The answer should be obvious to any self-respecting Canadian: This is a Canadian matter, and Canadians should decide it. Unlike the proposed Keystone XL pipeline that would have crossed into the U.S., we don’t need another country’s permission. It’s all Canada.
The federal government’s review panel begins public hearings this week. But the bureaucrat in charge, Sheila Leggett, has done something bizarre: She opened up the hearings to foreign citizens, foreign lobbyists and even foreign governments.
Here’s what Leggett says on her website: “Our job is to make sure that everyone who wants to talk to us about this project has an opportunity to be heard,” she says. “We’ll take whatever time it takes to ensure that everybody’s views are heard.”
The world’s Canada-bashers laughed, then signed up to testify. Almost 5,000 of them. Including Hugo Chavez’s state-owned oil company, CITGO. Including foreigners from Uruguay to Louisiana to Italy to Austria.
Then something really crazy happened. To ensure all those foreigners have time to talk, Leggett announced she was adding an extra year to her review.
Instead of telling foreigners to butt out, Leggett told Canadian workers to lean on their shovels while she listens to people who don’t live here, work here or have any connection here.
It’s not just foreigners.
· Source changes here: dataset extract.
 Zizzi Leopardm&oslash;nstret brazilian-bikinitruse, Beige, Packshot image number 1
A classroom of children from Tahayghen Elementary School signed up. Maybe Leggett will build in nap time and snack time to her hearings.
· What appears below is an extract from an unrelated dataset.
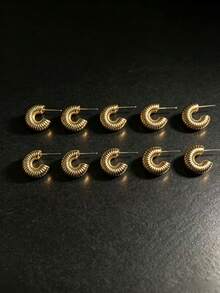 10pcs/Set Minimalist Fashion Stud Earrings, Unisex Versatile Personalized Earrings DIY Jewelry Accessories - C-type Thread - View 2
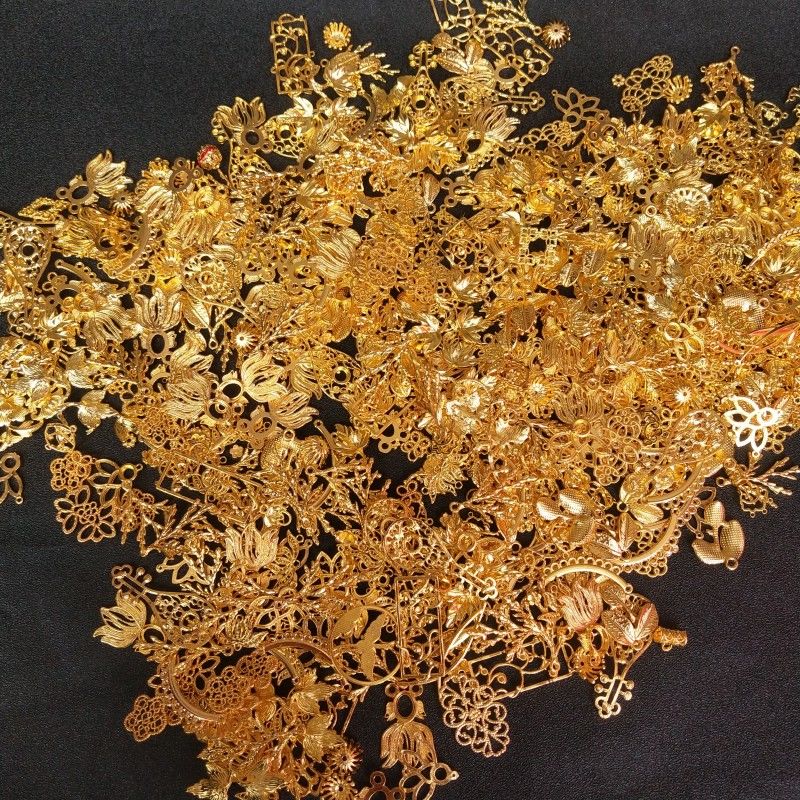 混款保色合金花片 称重卖 diy古风汉服发簪饰品步摇手工材料配件 金色 混款合金花片随机称 100克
Captain Jack Sparrow has signed up. Seriously. So has “Cave Man.” And 20 different people, all with the same e-mail address: email@example.com. John Stevenson signed up under his own name. Then he signed up again as J. Stevenson. Same address. And on and on.
It’s a circus. But the biggest threat isn’t the clowns. It’s the well-paid foreign professional lobbyists who used Leggett’s weakness to take over the process.
Like the New York-based Rockefeller Foundation. They’ve hired the West Coast Environmental Law Foundation to “prevent the development of a pipeline and tanker port” in B.C.
That lobby group took $200,000 to do the Rockefellers’ bidding. They’re signed up to speak at the hearings.
San Francisco’s Moore Foundation has poured in more than $9 million to Aboriginal groups on the north coast of B.C. to oppose resource development.
Their Canadian lobby group, Ecotrust, will testify to Leggett also.
According to research by Vivian Krause, the U.S. Tides Foundation and their Canadian affiliate have poured millions of dollars into 36 cookie-cutter groups to oppose Canadian resource industries.
They all sound so local and real — the Dogwood Initiative, the Rainforest Action Network, the Natural Resources Defence Council, etc.
But they’re just tentacles of the same foreign foundation.
I don’t blame foreign billionaires like the Rockefellers. It’s normal for them to want to control other people, even other countries.
I blame their Canadian puppets for taking money to undermine their own country’s interests.
One group, the Pembina Institute, was recently caught soliciting money from a foreign embassy to fight against Canada (they got $60,000).
On Friday, Stephen Harper warned that the pipeline review “cannot be hijacked (by) foreign money to really overload the public consultation phase of the regulatory hearings, just for the purpose of slowing down the process.” So who’s going to win?
Foreign billionaires? Or Canada?
The prime minister has now taken sides publicly. It will be fascinating to see if Leggett listens to him — or to Hugo Chavez and the Rockefellers instead.